# 100 joules



## ARB (Dec 31, 2009)

Did some shooting over the chrony recently,slingshot is a big metal starship with approx 23 inch extension and Silver Thera tubing. Results were:

650 grain ammo - 45 ft/lbs
1250 grain ammo - 67 ft/lbs
1700 grain ammo - 76 ft/lbs or 103 joules

Shows the sort of KE that can be gained from using fork extensions, heavy draw rubber and the effect of huge ammo. Perhaps flat bands would have been better but I find it much easier to work with tubes and the Silver thera tubes are also very long lasting.

The monster 1700 grain lead balls are quite slow, 142 fps. Still the KE, speed and projectile weight are similar to those of a medieval Warbow.
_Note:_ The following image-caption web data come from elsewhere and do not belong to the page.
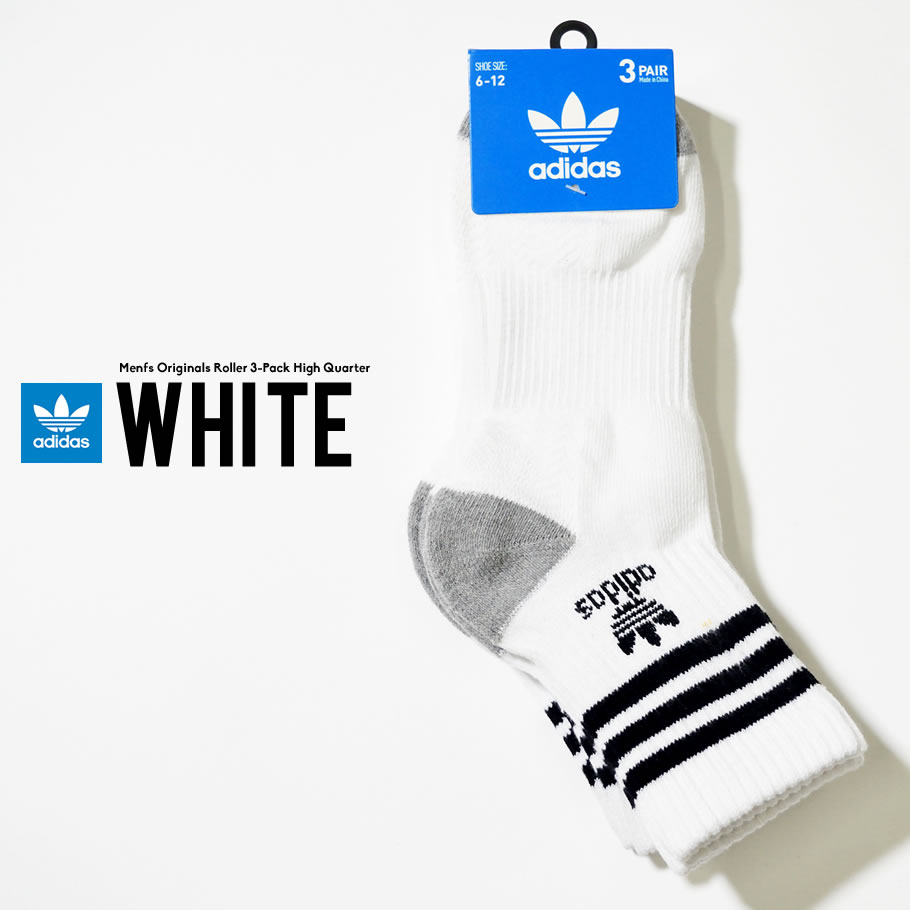 adidas アディダス 3足セット ソックス メンズ 靴下 BH6431 BH6432 USモデル 服 帽子 鞄 通販 2019春 新作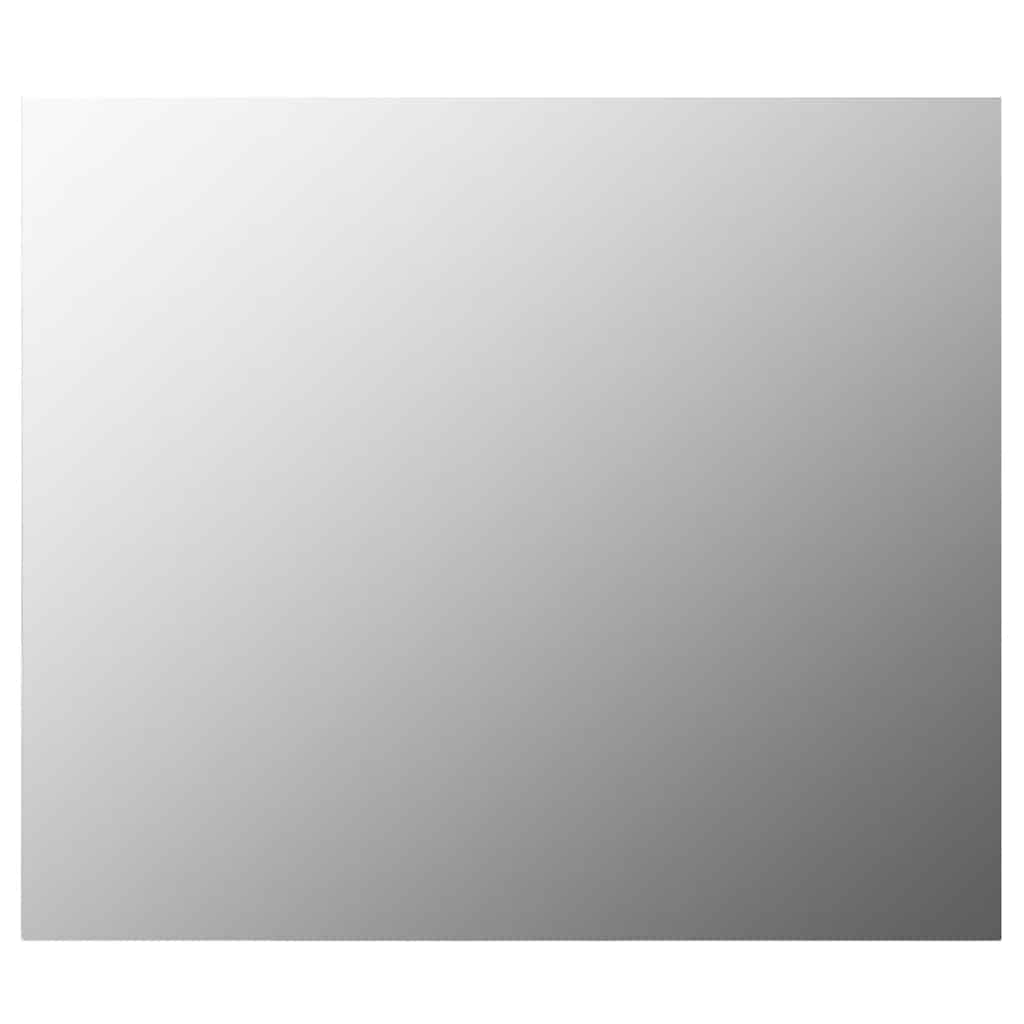 Espejo De Pared Con Luces Led Cuadrado De Vidrio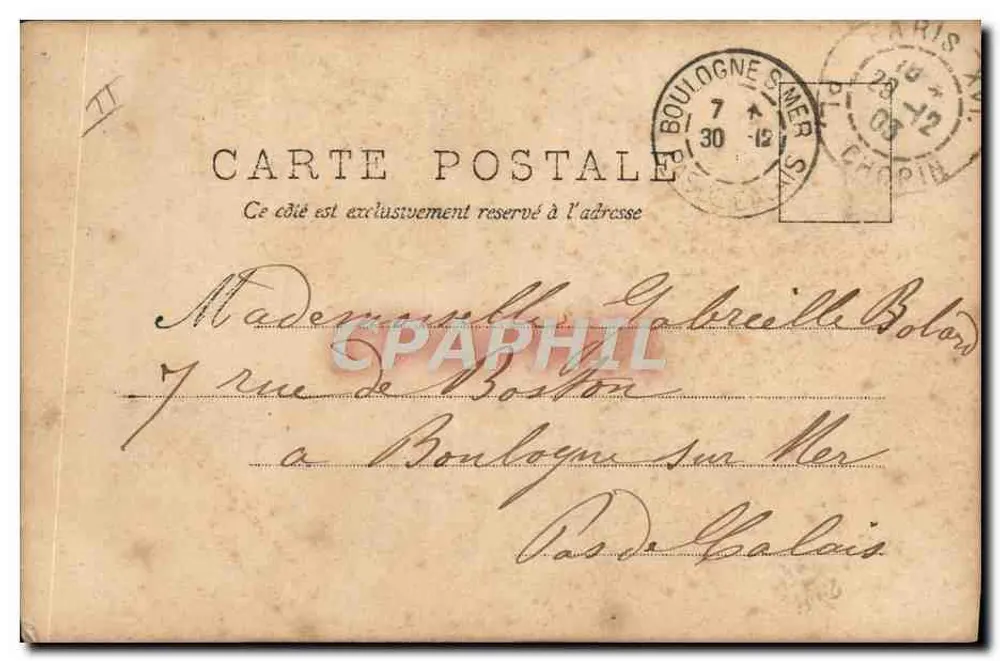 Petite fille en costume de Diane — scène de studio — éditeur A.P.I. et n° IV.Hiver. - Rewers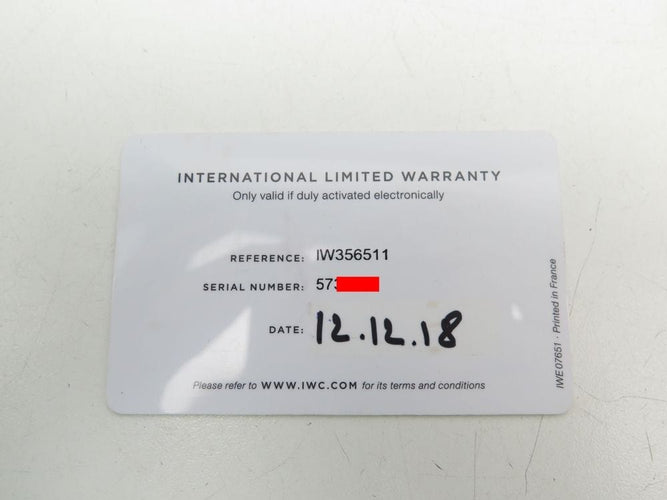 Montre montre IWC portofino iw356511 en or rose 18k automatique 40 mm 58 Facettes 249124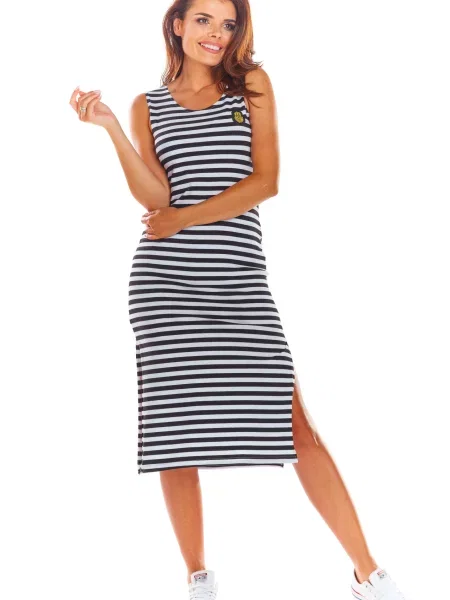 Sukienka midi Infinite You szara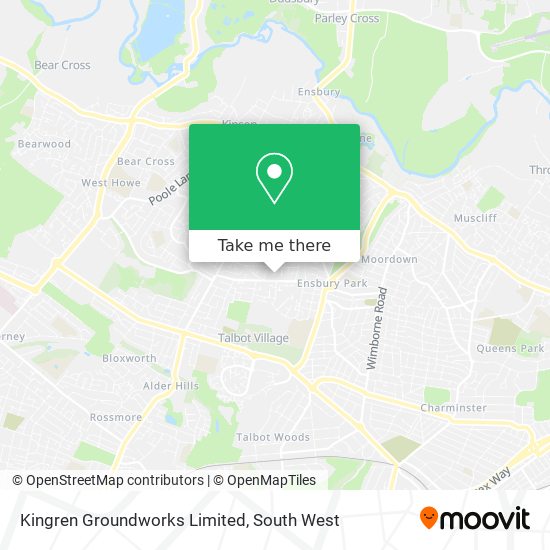 Kingren Groundworks Limited map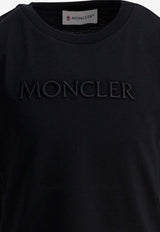 Moncler Enfant Logo-Printed Crewneck T-shirt Black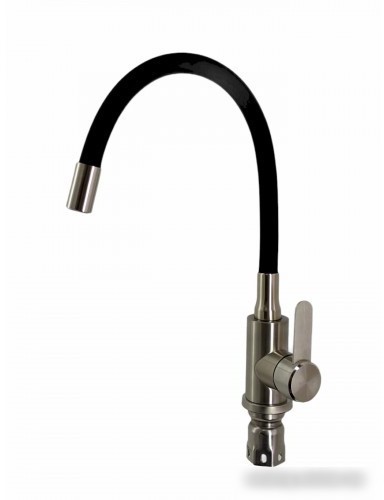 Кухонная мойка БелЭворс Mila R + смеситель W74004-2 + дозатор L405F (черный)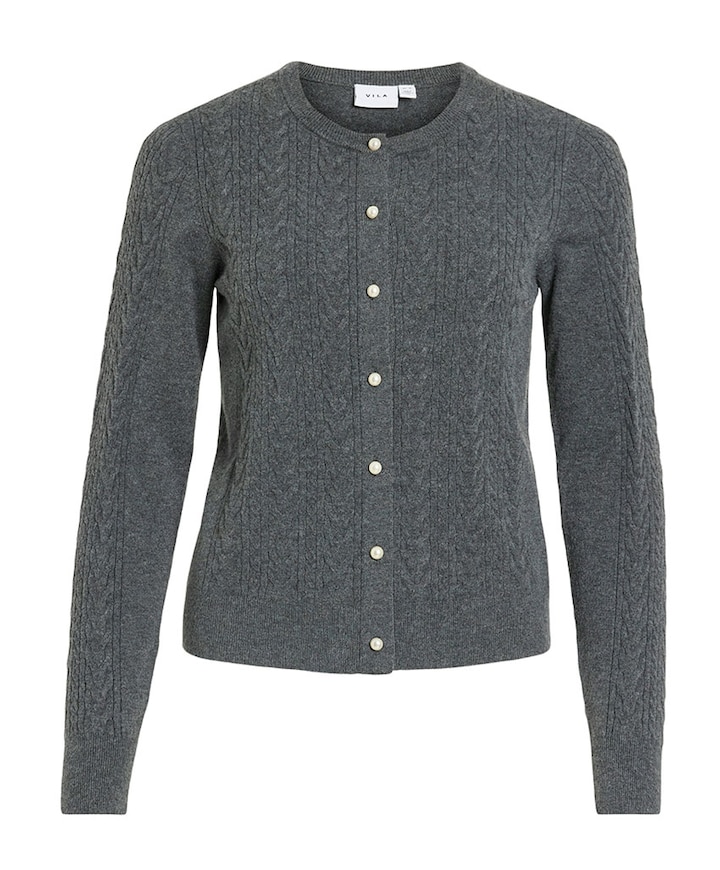 Dames vest grijs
I think they're also similar to those of a pitched baseball! Obviously the arrow is a lot more lethal than the others due to being a sharp point rather than a blunt ball!


----------



## yeeharr (May 26, 2010)

Any pictures?


----------



## Pulse (Jun 16, 2010)

Is anyone else thinking "SHOOT SOME FRUIT!!!!!!!" ?


----------



## ARB (Dec 31, 2009)

Pulse said:


> Is anyone else thinking "SHOOT SOME FRUIT!!!!!!!" ?


I don't have any fruit videos but here are a couple of short clips shooting Coke cans filled with water.
http://slingshotforu...led-with-water/

The energy of these shots was around 95 joules. In the first video 3 cans were shredded, the ball went through them as if they weren't there. In the 2nd video only the first can was shredded, the ball impacted very near the top of the can tearing the top off it but deflecting enough to miss the rest of the cans.


----------



## Pulse (Jun 16, 2010)

ah ha!

if you could match this 



 with a slingshot....you may become a god on this forum...


----------



## JoergS (Dec 17, 2009)

Very good! 23 inches of an extension is impressive indeed. Does the accuracy suffer?

How long are your tubes in unstretched condition, and how long is your total draw with that setup?

Regards

Jörg


----------



## ARB (Dec 31, 2009)

JoergS said:


> Very good! 23 inches of an extension is impressive indeed. Does the accuracy suffer?
> 
> How long are your tubes in unstretched condition, and how long is your total draw with that setup?
> 
> ...


Accuracy is good, the "barrel" of the fork extension seems to help with aiming, the weight and size of the slingshot also help with stability. Obviously a wrist brace is essential with a big starship

I have become so used to it that I don't like shooting a non extended or light slingshot now or any small slingshot with narrow forks. The Barnett Cobra that I used to think was a decent commercial slingshot feels like a cheap flimsy toy for a toddler.

As for the draw length it's been a while since I measured it but I think it is 23 + 30 = 53 inches and at rest the tubes are around 11 inches, Can get accurate figures later. I find that a smooth fast draw and instantaneous release gives more power. Also as you can see from the figures I am not stretching the rubber to its limit. WIth a half butterfly draw you could probably get similar or better figures from a non extended, non braced slingshot. If you use flat bands and an over the top attachment ( I use clamp on) maybe you can break your own 130 joule record but with a handheld slingshot! You will need to use monster balls though. Maybe 2000+ grains. Jeff Tanner in the UK could make you a nice mould for them.

I think it really shows how suited slingshots are to heavy balls. Most would probably consider a 650 grain ball to be huge, I'd consider that pretty small.


----------



## ZDP-189 (Mar 14, 2010)

The power record should have a minimum velocity; nothing huge, just maybe something like 70 fps horizontal.


----------



## JoergS (Dec 17, 2009)

Can't do braces, though.

A pity!

Jörg


----------